=== Input data ===

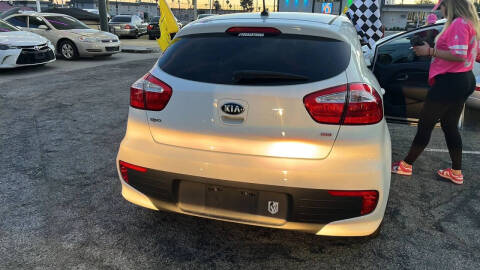 2017 Kia Rio 5-Door LX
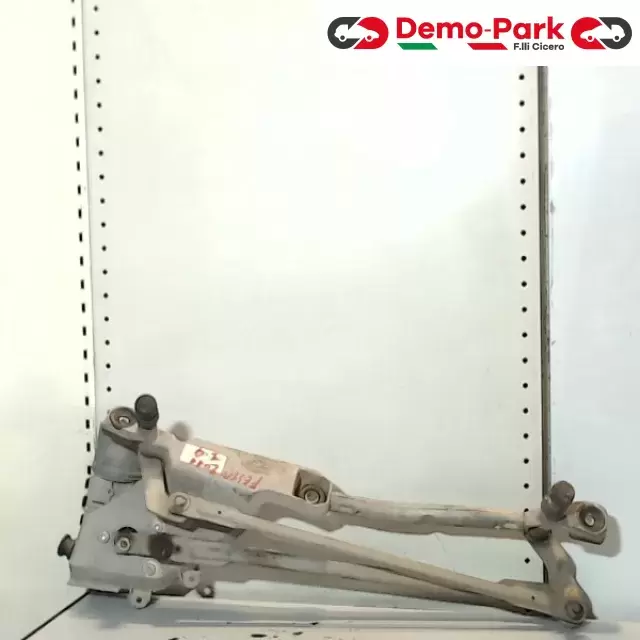 MOTORINO TERGICRISTALLO Ford FIESTA VI 1.4 8A61-17500-AE 0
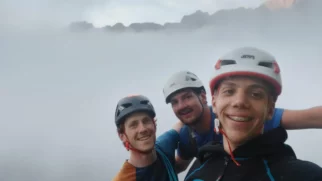 Na vrhu že v večerni megli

===

#### Exercise requirements
Images in the data above are to be skipped. Retype all other material exactly.

#### Output
 2017 Kia Rio 5-Door LX
 MOTORINO TERGICRISTALLO Ford FIESTA VI 1.4 8A61-17500-AE 0
 Na vrhu že v večerni megli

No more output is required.